### Dataset content
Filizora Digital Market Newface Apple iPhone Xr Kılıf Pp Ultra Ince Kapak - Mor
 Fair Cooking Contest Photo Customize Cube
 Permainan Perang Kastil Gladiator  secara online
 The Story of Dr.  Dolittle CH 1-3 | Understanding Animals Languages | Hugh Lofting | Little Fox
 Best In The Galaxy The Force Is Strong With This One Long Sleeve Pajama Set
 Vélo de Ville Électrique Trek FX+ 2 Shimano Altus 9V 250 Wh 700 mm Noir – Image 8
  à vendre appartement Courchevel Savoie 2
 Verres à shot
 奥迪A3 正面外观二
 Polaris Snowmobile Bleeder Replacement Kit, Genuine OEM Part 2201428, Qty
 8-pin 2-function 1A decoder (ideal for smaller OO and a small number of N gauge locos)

### Task objective
Give back the data exactly.

### Task result
Filizora Digital Market Newface Apple iPhone Xr Kılıf Pp Ultra Ince Kapak - Mor
 Fair Cooking Contest Photo Customize Cube
 Permainan Perang Kastil Gladiator  secara online
 The Story of Dr.  Dolittle CH 1-3 | Understanding Animals Languages | Hugh Lofting | Little Fox
 Best In The Galaxy The Force Is Strong With This One Long Sleeve Pajama Set
 Vélo de Ville Électrique Trek FX+ 2 Shimano Altus 9V 250 Wh 700 mm Noir – Image 8
  à vendre appartement Courchevel Savoie 2
 Verres à shot
 奥迪A3 正面外观二
 Polaris Snowmobile Bleeder Replacement Kit, Genuine OEM Part 2201428, Qty
 8-pin 2-function 1A decoder (ideal for smaller OO and a small number of N gauge locos)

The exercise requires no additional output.